> **Work instruction**: In how many lines of the records does the string "both" appear? State only the number.

> **Dataset excerpts**:
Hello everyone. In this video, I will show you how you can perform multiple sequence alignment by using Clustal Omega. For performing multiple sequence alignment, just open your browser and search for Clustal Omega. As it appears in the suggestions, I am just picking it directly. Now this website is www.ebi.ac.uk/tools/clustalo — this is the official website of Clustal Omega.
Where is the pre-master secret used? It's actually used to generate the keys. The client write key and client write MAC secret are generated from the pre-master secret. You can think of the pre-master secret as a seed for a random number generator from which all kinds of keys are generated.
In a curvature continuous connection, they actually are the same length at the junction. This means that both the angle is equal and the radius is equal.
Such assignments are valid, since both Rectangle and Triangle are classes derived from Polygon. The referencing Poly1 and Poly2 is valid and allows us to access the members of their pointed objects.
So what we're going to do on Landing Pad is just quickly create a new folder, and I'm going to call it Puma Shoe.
--
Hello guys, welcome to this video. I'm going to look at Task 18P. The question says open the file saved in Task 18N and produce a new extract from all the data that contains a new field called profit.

> **Written solution**: 2